Binance, one of the largest cryptocurrency exchanges in the world, announced the launch of margin trading. The leverage does not exceed x3.

Binance users now have the opportunity of margin trading. The maximum leverage available to users of Binance is 3: 1 (the ratio of borrowed funds to their own).

A customer needs to open a special margin account in order to participate in margin trading. Before that, a user should pass a Personality Check (KYC) and make sure that his country of residence is not on the black list. It is also required to activate two-factor authentication. To open an account, one needs to activate this option in one's personal account dashboard.

Binance repeatedly reminds that margin is associated with risks of losses of all user's assets and customers are highly advised to invest cautiously..

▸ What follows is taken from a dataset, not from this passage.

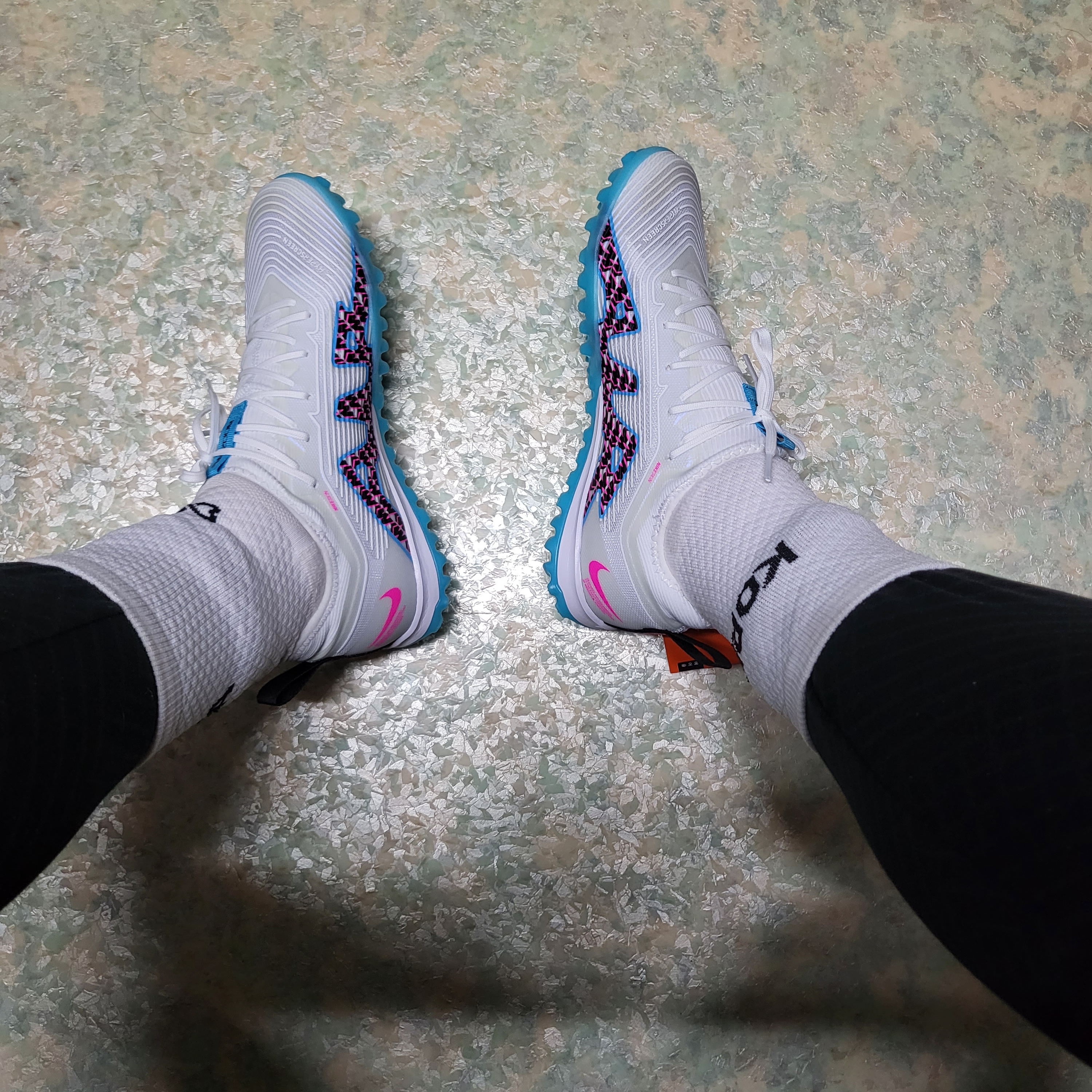 Nike Zoom Mercurial Vapor 15 Pro TF White Baltic Blue 착용 스타일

“For all its upsides, margin trading does have the obvious disadvantage of increasing losses in the same way that it can increase gains. Unlike the regular spot trading, margin trading introduces the possibility of losses that exceed a trader's initial investment and, as such, is considered a high-risk trading method. Depending on the amount of leverage involved in a trade, even a small drop in the market price may cause substantial losses for traders,” Binance FAQ on margin trading reads.

Margin trading on Binance is currently unavailable for users from Iran, North Korea, Syria, Cuba, Crimea, Canada, Japan, South Korea, USA and its territories.

If user's margin level drops to 1.3, he will receive a Margin Call, which is a reminder that he should increase his collateral. If user's margin level drops to 1.1, then his position is automatically liquidated.